PROBLEM DESCRIPTION: Produce as output only the lines below starting at the line with "todos os slots" and continuing through the line with "Gembira Sinonim Quotes By Gregory Nicotero Gembira", each one exactly as written.
══ RECORD SET
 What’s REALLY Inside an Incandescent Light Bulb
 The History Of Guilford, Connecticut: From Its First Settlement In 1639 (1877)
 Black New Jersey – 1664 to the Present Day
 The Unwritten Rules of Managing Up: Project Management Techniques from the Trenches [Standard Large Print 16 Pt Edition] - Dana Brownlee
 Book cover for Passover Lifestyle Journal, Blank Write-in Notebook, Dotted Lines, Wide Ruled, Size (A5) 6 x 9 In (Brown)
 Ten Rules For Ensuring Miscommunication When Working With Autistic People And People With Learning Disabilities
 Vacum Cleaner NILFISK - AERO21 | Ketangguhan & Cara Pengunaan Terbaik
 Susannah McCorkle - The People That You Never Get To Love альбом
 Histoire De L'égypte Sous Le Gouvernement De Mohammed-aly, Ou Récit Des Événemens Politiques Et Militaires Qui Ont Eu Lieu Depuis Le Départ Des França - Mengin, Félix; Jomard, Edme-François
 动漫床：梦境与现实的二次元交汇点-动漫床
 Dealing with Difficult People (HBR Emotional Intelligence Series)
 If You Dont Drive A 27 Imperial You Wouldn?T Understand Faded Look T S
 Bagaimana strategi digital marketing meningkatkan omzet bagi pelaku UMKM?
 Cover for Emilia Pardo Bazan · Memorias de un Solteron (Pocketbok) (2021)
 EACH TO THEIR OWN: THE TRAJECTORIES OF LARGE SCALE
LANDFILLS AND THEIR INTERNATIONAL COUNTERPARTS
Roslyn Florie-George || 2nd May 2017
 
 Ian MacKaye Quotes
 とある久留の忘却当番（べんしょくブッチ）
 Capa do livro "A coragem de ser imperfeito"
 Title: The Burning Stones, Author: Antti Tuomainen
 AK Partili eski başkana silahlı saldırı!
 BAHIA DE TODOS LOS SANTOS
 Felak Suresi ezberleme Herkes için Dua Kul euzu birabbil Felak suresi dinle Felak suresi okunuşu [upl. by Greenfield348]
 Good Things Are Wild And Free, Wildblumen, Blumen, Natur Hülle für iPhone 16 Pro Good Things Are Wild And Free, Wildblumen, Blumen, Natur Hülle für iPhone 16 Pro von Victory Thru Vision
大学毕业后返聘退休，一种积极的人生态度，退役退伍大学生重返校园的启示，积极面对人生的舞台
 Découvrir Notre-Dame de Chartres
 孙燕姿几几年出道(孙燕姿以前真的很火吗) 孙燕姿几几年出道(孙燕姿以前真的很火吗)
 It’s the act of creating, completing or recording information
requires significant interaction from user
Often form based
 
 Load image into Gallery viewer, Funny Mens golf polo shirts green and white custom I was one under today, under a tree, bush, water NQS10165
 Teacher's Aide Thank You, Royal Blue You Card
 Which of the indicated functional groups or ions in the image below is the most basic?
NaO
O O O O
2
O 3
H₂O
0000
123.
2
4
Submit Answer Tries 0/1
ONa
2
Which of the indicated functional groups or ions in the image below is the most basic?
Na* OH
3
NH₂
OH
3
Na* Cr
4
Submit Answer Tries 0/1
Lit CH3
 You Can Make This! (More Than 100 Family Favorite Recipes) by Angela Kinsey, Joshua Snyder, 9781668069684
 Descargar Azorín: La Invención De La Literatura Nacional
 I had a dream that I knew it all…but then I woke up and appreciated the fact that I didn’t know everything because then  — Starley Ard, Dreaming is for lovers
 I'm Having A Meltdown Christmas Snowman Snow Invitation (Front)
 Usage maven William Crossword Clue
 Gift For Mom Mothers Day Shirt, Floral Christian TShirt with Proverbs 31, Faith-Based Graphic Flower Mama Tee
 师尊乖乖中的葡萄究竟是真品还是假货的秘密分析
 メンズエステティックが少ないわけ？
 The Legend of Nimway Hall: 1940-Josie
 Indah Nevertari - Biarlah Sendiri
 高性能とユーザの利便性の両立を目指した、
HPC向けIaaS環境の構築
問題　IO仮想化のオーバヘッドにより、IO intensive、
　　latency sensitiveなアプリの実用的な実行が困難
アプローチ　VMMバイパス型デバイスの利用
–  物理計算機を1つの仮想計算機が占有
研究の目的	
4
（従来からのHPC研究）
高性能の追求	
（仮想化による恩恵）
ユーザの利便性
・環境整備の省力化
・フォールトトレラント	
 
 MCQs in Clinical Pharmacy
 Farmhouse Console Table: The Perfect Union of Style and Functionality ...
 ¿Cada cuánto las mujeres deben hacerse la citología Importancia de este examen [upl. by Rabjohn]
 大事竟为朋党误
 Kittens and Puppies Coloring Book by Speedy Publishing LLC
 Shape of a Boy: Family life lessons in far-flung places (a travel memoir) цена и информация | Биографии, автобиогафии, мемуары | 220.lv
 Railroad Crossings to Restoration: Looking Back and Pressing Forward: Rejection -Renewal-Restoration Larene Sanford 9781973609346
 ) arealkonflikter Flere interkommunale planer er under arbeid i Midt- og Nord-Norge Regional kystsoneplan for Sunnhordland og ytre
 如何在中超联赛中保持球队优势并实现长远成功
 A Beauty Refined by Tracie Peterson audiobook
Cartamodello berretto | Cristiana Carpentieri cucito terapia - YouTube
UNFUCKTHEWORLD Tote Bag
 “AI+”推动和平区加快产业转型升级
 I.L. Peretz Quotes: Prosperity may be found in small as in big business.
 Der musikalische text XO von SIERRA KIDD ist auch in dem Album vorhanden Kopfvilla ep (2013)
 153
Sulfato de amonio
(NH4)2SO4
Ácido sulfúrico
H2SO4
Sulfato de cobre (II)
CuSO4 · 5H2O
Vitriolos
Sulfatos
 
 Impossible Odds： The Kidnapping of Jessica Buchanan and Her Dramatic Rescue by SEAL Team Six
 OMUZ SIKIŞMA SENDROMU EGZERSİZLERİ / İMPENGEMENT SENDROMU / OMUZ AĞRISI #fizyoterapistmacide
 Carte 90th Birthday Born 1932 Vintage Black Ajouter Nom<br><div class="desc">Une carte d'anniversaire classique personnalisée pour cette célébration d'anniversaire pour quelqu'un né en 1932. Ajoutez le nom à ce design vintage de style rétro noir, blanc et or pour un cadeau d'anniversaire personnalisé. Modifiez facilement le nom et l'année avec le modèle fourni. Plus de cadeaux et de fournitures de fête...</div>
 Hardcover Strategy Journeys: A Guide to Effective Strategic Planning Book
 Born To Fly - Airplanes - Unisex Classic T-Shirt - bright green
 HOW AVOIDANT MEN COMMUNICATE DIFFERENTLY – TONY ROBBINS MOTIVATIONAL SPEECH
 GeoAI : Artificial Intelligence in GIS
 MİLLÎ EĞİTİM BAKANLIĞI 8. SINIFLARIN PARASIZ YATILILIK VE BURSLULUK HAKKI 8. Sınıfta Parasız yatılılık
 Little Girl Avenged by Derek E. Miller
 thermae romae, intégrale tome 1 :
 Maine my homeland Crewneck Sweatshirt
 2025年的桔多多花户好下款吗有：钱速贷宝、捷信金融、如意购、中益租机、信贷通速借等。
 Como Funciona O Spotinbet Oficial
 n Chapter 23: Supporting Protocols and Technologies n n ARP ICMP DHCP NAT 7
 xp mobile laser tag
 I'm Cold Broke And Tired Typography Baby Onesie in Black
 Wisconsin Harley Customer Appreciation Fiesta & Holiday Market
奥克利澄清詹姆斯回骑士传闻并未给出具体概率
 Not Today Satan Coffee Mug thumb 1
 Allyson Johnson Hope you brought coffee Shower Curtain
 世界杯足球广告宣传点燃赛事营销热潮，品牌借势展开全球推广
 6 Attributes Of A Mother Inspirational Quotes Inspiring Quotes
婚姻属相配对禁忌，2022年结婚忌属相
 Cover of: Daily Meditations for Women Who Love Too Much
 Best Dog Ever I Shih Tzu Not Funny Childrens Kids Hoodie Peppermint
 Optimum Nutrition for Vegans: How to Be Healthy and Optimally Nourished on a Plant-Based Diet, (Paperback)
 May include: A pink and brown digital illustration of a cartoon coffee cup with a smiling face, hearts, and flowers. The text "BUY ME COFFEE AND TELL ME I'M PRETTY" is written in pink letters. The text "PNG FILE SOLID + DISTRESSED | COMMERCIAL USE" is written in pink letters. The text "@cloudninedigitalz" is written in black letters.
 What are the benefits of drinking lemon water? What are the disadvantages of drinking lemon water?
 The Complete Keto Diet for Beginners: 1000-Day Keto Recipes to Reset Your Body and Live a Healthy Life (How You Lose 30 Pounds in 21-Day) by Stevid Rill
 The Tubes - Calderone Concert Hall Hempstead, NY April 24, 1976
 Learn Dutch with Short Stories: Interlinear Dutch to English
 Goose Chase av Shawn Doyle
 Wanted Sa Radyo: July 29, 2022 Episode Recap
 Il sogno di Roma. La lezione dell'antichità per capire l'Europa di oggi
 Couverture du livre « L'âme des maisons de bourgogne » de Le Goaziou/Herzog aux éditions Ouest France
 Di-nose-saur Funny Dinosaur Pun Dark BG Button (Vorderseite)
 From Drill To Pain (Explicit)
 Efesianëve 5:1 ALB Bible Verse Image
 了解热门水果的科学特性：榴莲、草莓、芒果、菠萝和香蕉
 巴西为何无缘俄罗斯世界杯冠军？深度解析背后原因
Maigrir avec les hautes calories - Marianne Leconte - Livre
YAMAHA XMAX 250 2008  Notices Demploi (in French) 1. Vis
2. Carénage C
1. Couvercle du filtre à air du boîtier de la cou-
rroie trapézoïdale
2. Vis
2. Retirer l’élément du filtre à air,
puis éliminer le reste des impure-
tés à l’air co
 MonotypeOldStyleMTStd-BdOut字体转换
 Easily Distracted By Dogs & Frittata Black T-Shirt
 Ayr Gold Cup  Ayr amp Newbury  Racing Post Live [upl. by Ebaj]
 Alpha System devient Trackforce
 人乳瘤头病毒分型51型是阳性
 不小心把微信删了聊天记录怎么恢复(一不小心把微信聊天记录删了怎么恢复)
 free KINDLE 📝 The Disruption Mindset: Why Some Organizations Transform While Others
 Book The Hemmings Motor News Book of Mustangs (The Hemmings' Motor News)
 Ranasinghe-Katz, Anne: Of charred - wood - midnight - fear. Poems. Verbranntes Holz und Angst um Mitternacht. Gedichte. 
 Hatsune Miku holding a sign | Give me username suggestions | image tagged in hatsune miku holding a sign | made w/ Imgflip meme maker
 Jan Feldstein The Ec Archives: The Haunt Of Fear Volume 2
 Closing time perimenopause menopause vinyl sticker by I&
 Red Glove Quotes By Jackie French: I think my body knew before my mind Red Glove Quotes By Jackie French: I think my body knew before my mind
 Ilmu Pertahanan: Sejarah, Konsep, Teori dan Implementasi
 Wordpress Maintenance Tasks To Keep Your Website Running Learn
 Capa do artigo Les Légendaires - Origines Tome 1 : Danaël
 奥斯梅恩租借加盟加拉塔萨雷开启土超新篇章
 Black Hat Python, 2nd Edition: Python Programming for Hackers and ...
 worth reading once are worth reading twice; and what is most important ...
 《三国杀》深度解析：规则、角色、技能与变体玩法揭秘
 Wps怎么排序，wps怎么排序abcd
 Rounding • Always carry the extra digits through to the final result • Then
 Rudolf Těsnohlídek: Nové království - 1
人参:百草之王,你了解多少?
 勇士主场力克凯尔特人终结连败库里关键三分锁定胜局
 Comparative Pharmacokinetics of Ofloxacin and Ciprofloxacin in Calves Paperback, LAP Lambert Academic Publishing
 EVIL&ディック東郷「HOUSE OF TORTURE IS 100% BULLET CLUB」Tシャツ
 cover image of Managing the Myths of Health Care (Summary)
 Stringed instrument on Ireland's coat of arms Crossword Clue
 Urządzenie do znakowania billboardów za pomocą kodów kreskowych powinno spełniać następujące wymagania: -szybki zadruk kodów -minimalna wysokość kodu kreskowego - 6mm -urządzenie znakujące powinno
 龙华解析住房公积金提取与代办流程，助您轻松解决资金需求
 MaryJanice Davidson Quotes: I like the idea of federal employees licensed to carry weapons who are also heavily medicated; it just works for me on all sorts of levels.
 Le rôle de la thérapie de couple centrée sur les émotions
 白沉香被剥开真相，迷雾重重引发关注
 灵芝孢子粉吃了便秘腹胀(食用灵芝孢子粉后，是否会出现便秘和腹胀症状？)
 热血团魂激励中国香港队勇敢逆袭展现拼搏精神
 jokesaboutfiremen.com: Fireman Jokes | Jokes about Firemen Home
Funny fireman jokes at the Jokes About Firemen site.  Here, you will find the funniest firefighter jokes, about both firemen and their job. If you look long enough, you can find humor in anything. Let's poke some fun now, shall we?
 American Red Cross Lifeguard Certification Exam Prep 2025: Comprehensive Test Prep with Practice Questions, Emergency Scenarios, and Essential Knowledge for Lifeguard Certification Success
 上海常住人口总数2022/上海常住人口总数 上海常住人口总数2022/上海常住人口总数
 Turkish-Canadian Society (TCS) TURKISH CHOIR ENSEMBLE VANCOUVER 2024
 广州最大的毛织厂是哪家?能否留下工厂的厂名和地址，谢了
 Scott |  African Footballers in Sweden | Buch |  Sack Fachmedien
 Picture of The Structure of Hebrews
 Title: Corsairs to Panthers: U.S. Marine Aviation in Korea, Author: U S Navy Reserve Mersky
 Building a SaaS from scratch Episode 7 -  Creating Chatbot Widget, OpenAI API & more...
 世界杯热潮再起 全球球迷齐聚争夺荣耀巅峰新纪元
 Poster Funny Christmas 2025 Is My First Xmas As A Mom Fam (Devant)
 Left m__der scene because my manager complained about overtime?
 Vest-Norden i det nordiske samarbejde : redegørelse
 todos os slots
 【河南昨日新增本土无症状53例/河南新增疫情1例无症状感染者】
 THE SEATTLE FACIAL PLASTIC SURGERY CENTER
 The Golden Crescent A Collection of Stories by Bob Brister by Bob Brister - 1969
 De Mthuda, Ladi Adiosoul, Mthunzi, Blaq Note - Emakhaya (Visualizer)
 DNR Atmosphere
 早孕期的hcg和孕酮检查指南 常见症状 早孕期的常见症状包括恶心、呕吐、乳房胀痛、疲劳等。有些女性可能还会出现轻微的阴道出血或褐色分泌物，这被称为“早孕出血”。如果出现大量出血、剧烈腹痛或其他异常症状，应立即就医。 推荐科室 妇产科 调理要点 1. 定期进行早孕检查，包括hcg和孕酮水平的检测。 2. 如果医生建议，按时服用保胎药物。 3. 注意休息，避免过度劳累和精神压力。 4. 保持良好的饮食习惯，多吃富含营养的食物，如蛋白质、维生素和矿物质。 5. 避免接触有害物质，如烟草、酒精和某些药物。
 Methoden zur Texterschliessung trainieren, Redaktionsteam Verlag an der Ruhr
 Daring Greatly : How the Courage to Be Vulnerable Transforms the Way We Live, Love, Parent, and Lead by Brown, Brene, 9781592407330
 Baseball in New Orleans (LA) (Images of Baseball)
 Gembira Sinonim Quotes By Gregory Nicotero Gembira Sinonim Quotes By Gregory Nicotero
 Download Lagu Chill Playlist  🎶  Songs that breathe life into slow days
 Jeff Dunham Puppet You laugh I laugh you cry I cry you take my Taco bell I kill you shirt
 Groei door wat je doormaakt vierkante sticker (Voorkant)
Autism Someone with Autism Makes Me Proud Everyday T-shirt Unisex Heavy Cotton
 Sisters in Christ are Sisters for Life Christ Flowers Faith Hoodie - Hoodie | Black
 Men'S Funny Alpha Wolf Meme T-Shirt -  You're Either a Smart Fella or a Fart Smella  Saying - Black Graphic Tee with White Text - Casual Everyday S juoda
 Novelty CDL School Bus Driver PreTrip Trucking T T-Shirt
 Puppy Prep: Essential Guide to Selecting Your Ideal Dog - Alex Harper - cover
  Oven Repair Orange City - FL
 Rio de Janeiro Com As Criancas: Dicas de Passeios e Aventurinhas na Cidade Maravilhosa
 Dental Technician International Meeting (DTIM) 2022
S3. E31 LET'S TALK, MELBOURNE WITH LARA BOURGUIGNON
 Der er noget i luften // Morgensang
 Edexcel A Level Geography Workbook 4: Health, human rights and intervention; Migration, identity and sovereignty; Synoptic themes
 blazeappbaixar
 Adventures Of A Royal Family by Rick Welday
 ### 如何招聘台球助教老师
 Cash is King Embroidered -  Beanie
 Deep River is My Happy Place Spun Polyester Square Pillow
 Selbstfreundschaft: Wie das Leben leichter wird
════
WRITTEN ANSWER:
 todos os slots
 【河南昨日新增本土无症状53例/河南新增疫情1例无症状感染者】
 THE SEATTLE FACIAL PLASTIC SURGERY CENTER
 The Golden Crescent A Collection of Stories by Bob Brister by Bob Brister - 1969
 De Mthuda, Ladi Adiosoul, Mthunzi, Blaq Note - Emakhaya (Visualizer)
 DNR Atmosphere
 早孕期的hcg和孕酮检查指南 常见症状 早孕期的常见症状包括恶心、呕吐、乳房胀痛、疲劳等。有些女性可能还会出现轻微的阴道出血或褐色分泌物，这被称为“早孕出血”。如果出现大量出血、剧烈腹痛或其他异常症状，应立即就医。 推荐科室 妇产科 调理要点 1. 定期进行早孕检查，包括hcg和孕酮水平的检测。 2. 如果医生建议，按时服用保胎药物。 3. 注意休息，避免过度劳累和精神压力。 4. 保持良好的饮食习惯，多吃富含营养的食物，如蛋白质、维生素和矿物质。 5. 避免接触有害物质，如烟草、酒精和某些药物。
 Methoden zur Texterschliessung trainieren, Redaktionsteam Verlag an der Ruhr
 Daring Greatly : How the Courage to Be Vulnerable Transforms the Way We Live, Love, Parent, and Lead by Brown, Brene, 9781592407330
 Baseball in New Orleans (LA) (Images of Baseball)
 Gembira Sinonim Quotes By Gregory Nicotero Gembira Sinonim Quotes By Gregory Nicotero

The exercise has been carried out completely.